PROMPT - Without changing a word, repeat the data, and include no pictures.

[Start of Attachment]

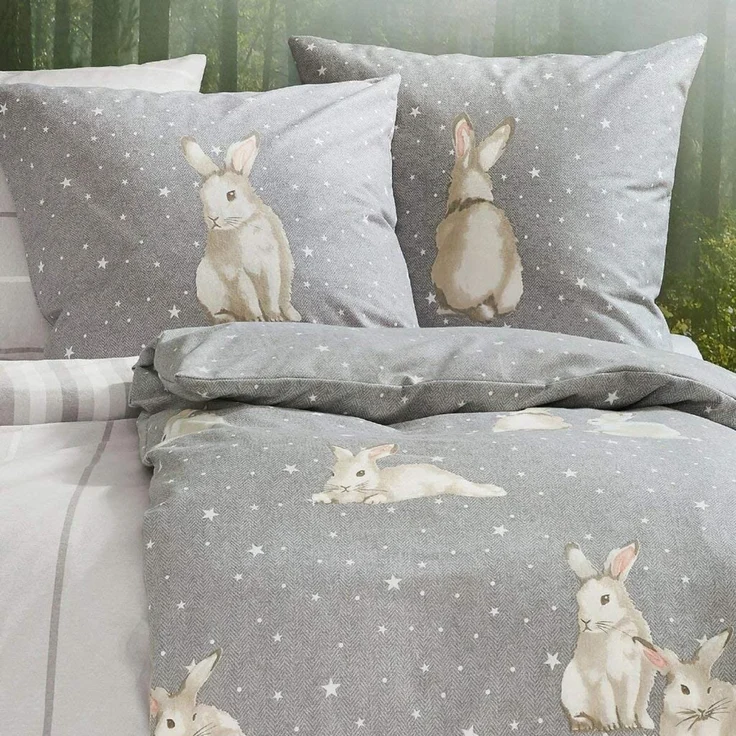 Irisette Biber Bettwäsche Dublin 8026-11 Hase Schneehase Grau 135x200 – Bild 3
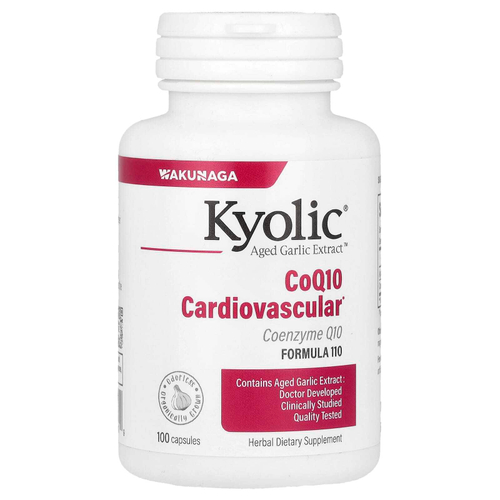 Kyolic, Aged Garlic Extract, CoQ10, формула 110, 100 капсул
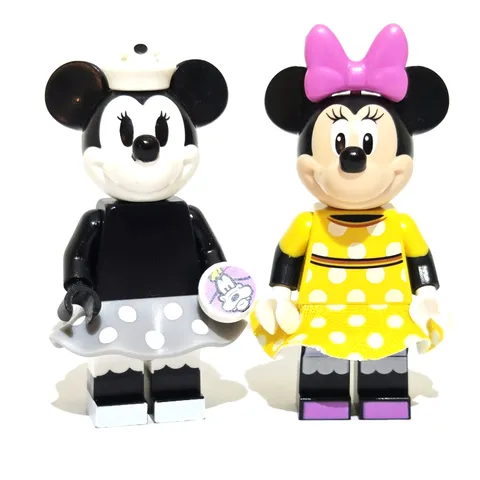 Lego Minnie Mouse Minifigures Vintage Black & White Yellow Polka Dot Dress Lot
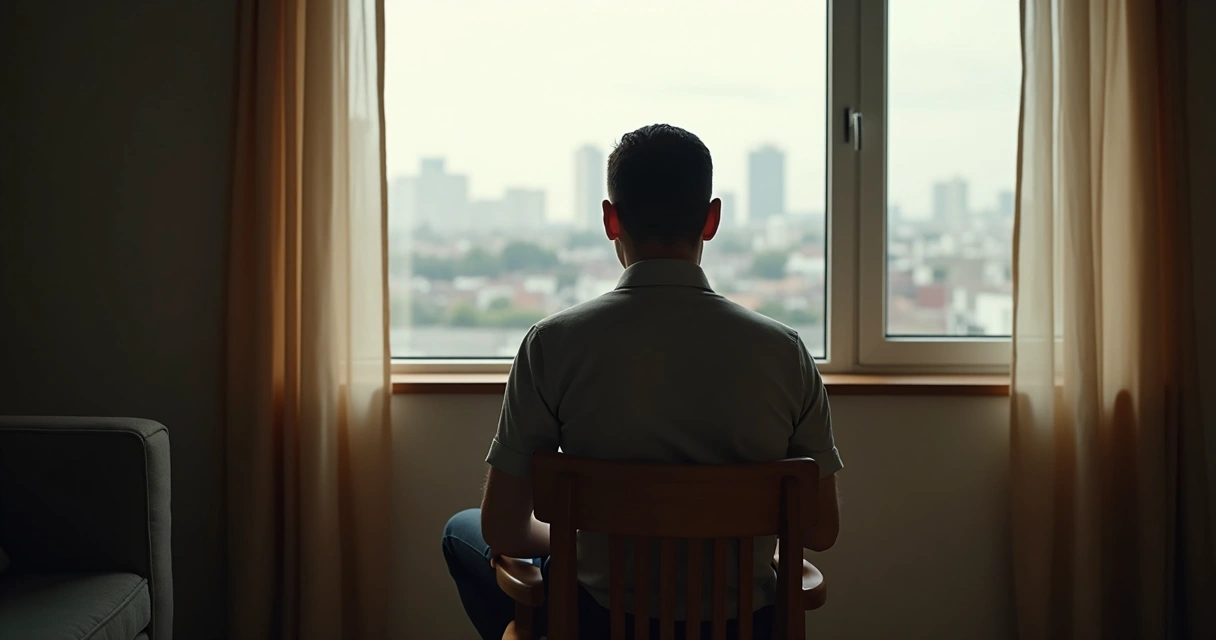 Person sitting quietly by the window with soft natural light 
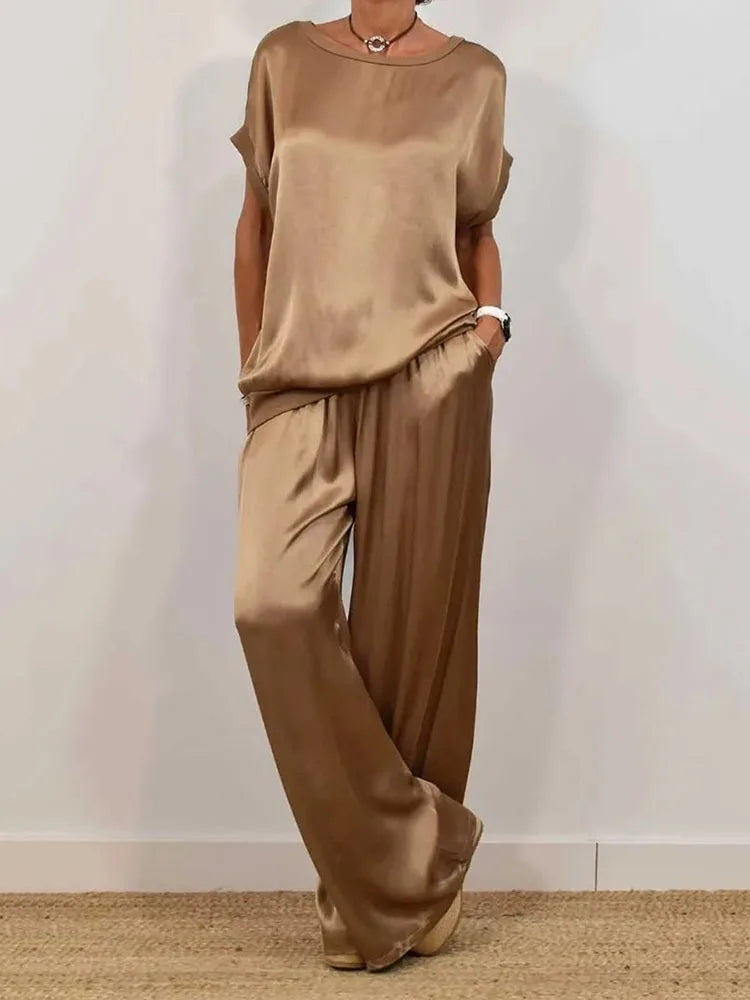 Women's Smooth Satin Two-Piece Set: Short Sleeve Top & Wide Leg Pants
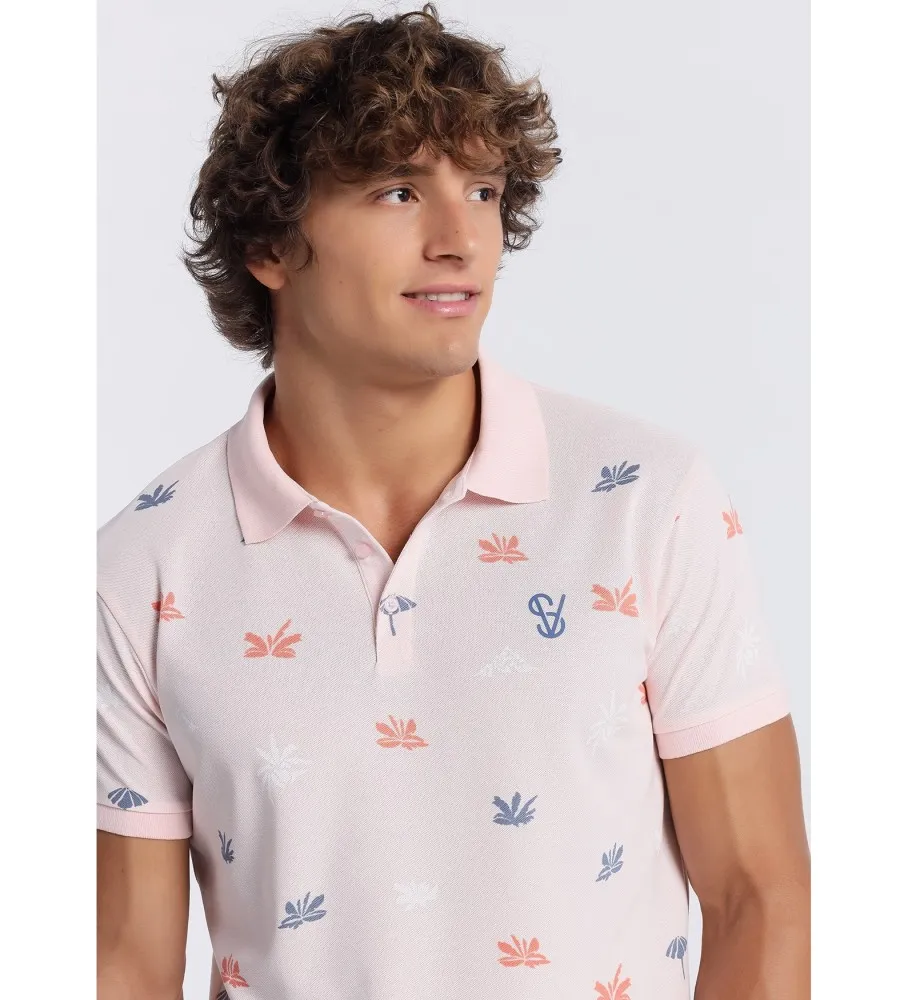Polo estampado rosa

[End of Attachment]

YOUR SOLUTION -
 Irisette Biber Bettwäsche Dublin 8026-11 Hase Schneehase Grau 135x200 – Bild 3
 Kyolic, Aged Garlic Extract, CoQ10, формула 110, 100 капсул
 Lego Minnie Mouse Minifigures Vintage Black & White Yellow Polka Dot Dress Lot
 Person sitting quietly by the window with soft natural light 
 Women's Smooth Satin Two-Piece Set: Short Sleeve Top & Wide Leg Pants
Polo estampado rosa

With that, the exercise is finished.